Church in Tadcaster, North Yorkshire, England

St Mary's Church is an Anglican parish church in Tadcaster, North Yorkshire, England. It was built in the 15th century and is an active place of worship.

==Location==
The church is located off Kirkgate, next to what was formerly the town's market square. As it is on the banks of the River Wharfe, it has been prone to flooding.

==History==
Though there is no record of a church in the Domesday Book for "Tatecastre", the Ecclesiastical History of the English People (AD 731) records that Hieu, founder and Abbess of Hartlepool Abbey came to live in Tadcaster, so there may have been a wooden church before the Norman conquest.

The first stone church was erected in about 1150 AD, with further additions till 1318, when it was burnt and sacked by the Scots.

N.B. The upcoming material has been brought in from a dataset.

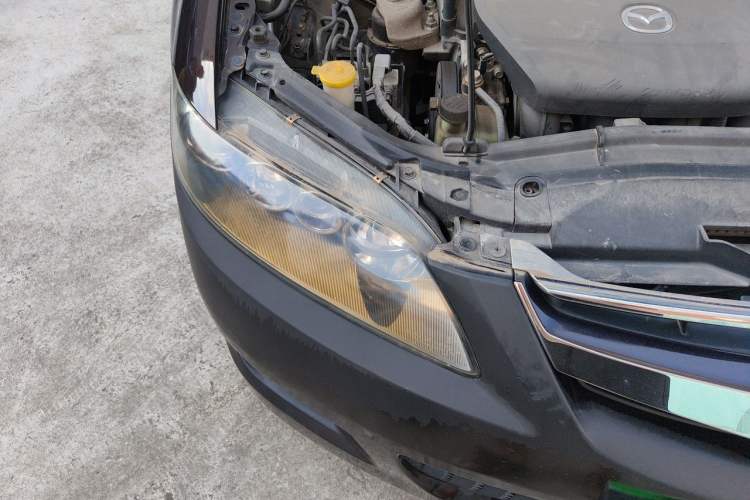 Used Mazda 6 2013 2.0L Automatic Fashion Edition Engine Bay Right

It was rebuilt on a larger scale in about 1380. Further additions were made during 1420 to 1480, bringing it to its present shape.

Unfortunately the building was subject to flooding, which was inconvenient for the worshippers and caused structural damage, as noted in a petition of 1758 and an architect's report of 1859 which noted amongst other things that the top of the tower overhung the base by 17 inch. To safeguard it from further floods, the church was taken down in 1875–77, re-erected and raised 4 ft. This was largely successful until 2015, when it was flooded to a depth of about 1 m.

The rebuilding was supervised by architect Edward Birchall of Leeds, who used much of the old material and carefully reproduced the features and style, at a cost (raised by public subscription) of £8,000. This included the incorporation of a 12th-century arch and a fragment of a Saxon cross. However, the old pews were replaced with ones of a modern and lighter style. In 1897 the north wall was rebuilt 8 ft further out, widening the north aisle.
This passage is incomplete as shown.